Get Out – Movie Review

Get Out is a movie about obsession. It is an obsession with “the other” and particularly white obsession with the black experience. Peele’s thesis is that white people secretly want to be black, or want to at least try it and this premise plays out in a fascinating way. It’s a brilliant insight into the vague nature of racism.

We’re presented with an interracial couple of about five months who are on a road trip home so that the black boyfriend can meet the parents of the white girlfriend. It kind of plays out the way one would expect. The boyfriend is met with racism during the roadtrip home, over eager parents trying to prove that race isn’t at all an issue to them, and friends of the family attempting to make polite conversation but coming off as ignorant.  The girlfriend is perennially supportive and we see them as two heroes against an oblivious, unenlightened world.

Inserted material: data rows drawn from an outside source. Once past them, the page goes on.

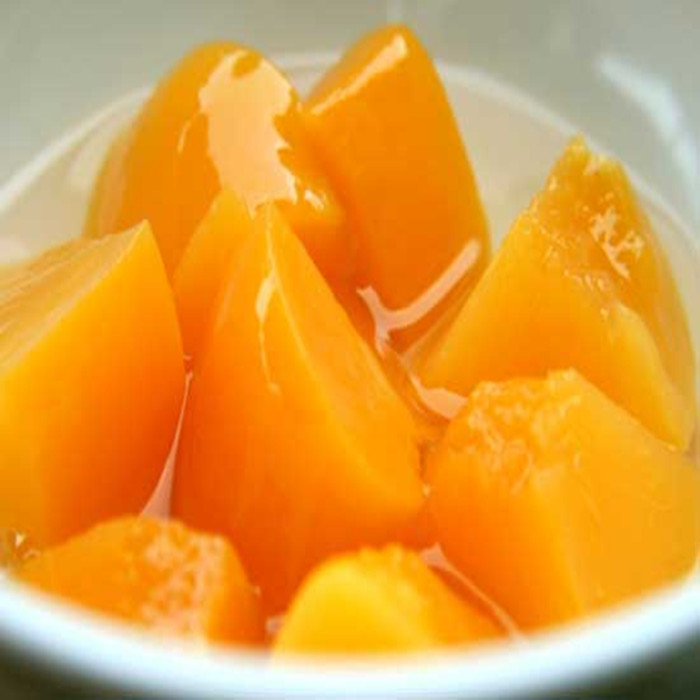 canned peach diced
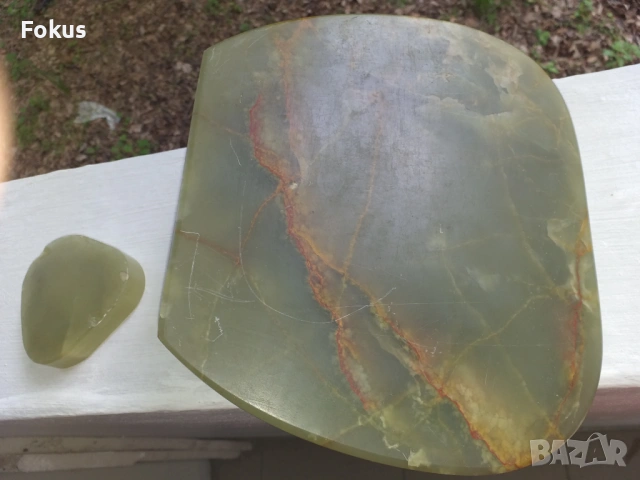 МАСТИЛНИЦА ЗЕЛЕН МРАМОР И КАТАЛИН, снимка 5 - Антикварни и старинни предмети - 53524097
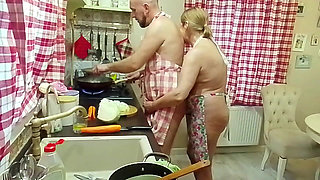 Stepmom Seduces Me While I'm Cooking Dinner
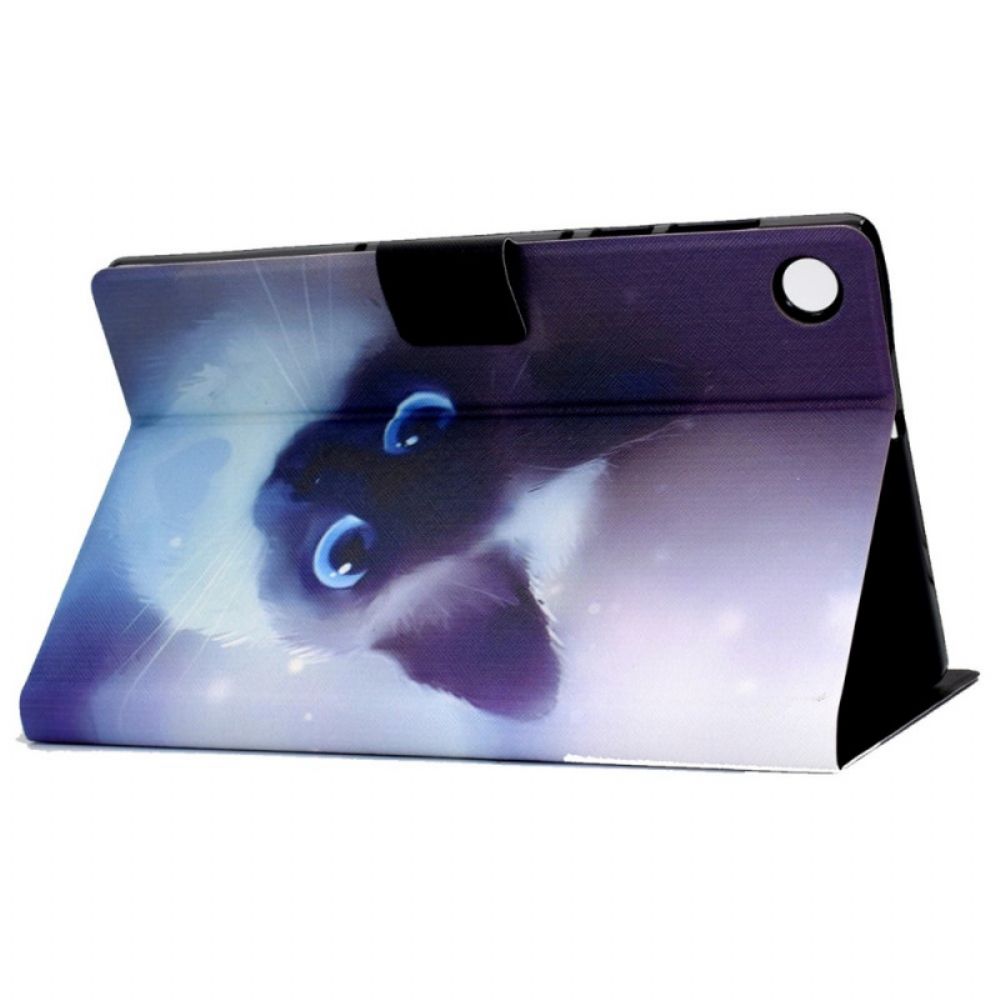 Flip Case Für Samsung Galaxy Tab A8 Blauäugige Katze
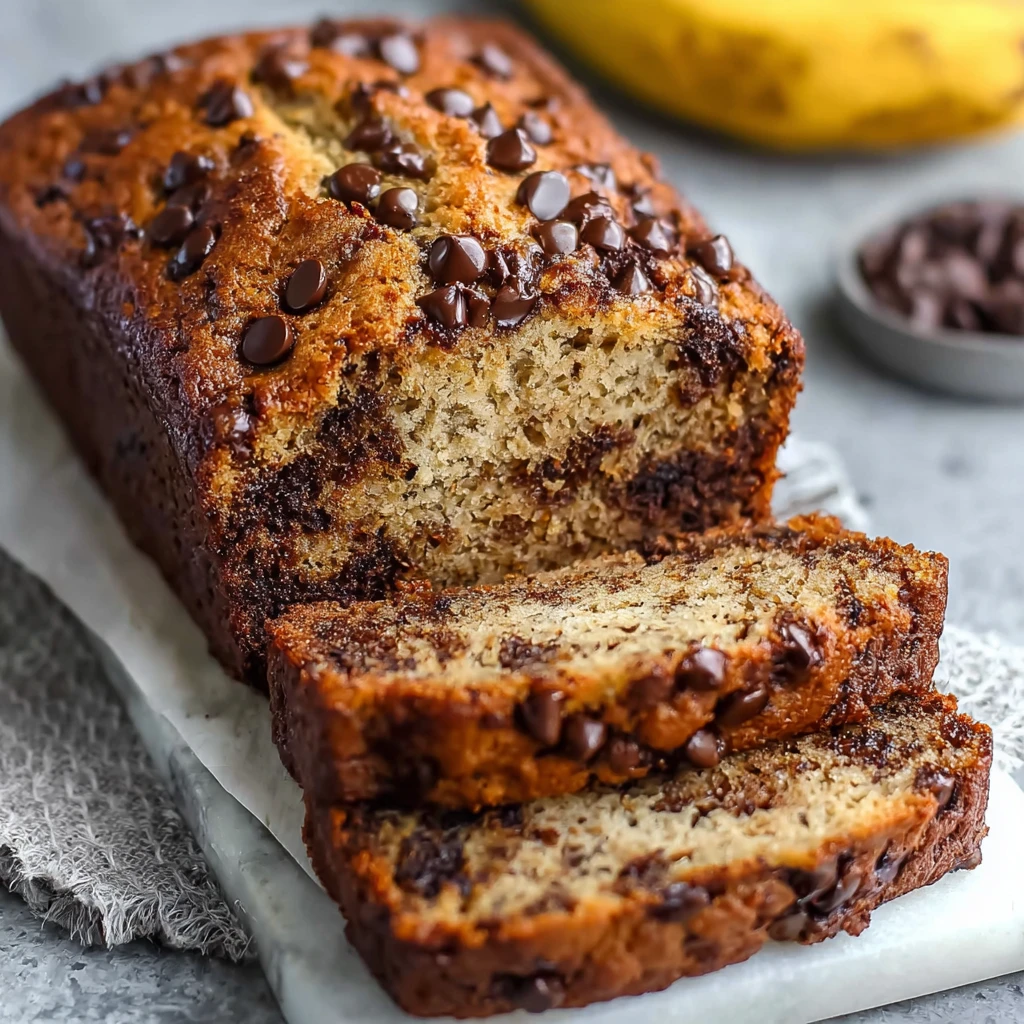 Super Moist Chocolate Chip Banana Bread Recipe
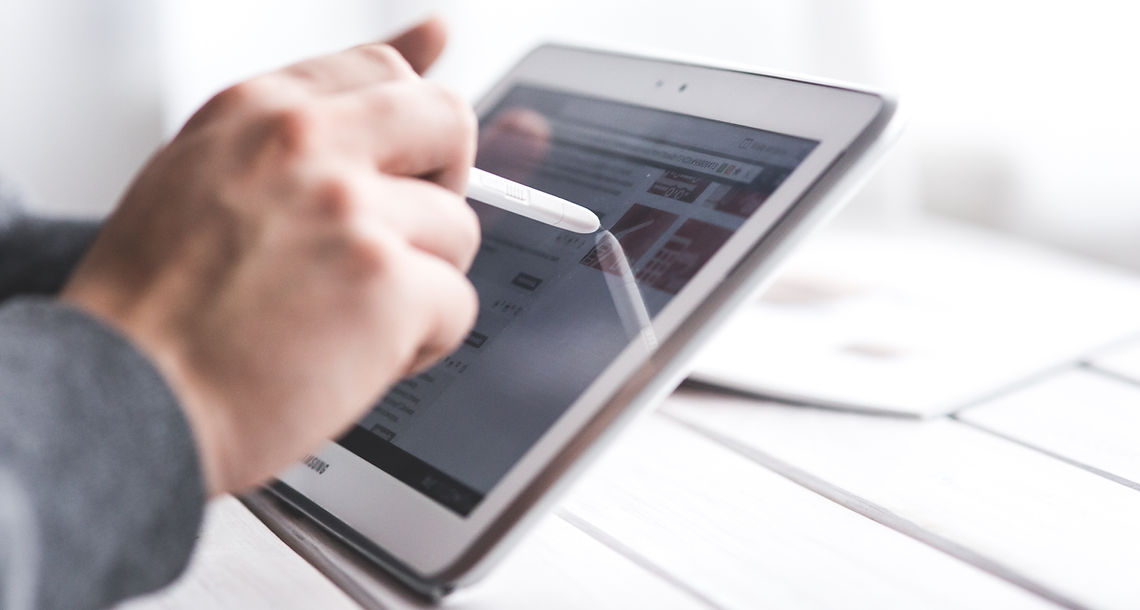 Man Using Smart Tablet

Next is a series of events where we, as viewers, get an intriguing look at an instinct gone awry.  Whether it’s bias, resentment or obsession, there is an inescapable desire to transcend oneself and live as what one fears. Whether it is to understand it or to destroy it, or make love to it. It’s the obsession, the focal point that makes one insane and desire escape into dominance. It is a desire to make submissive, to own, to objectify.  We meet people in this film who have been put face to face with their own demise, their own slavery. Or we see oppressors fighting to save their own at whatever cost, even if it means enslaving another human to do so.

The acting from beginning to end is utterly stunning. It is perfectly cast with performances which are disturbing to the core and frighteningly real.

The movie is incredible and Peele’s movie is virtuosic.  I can’t wait to see what he comes up with next.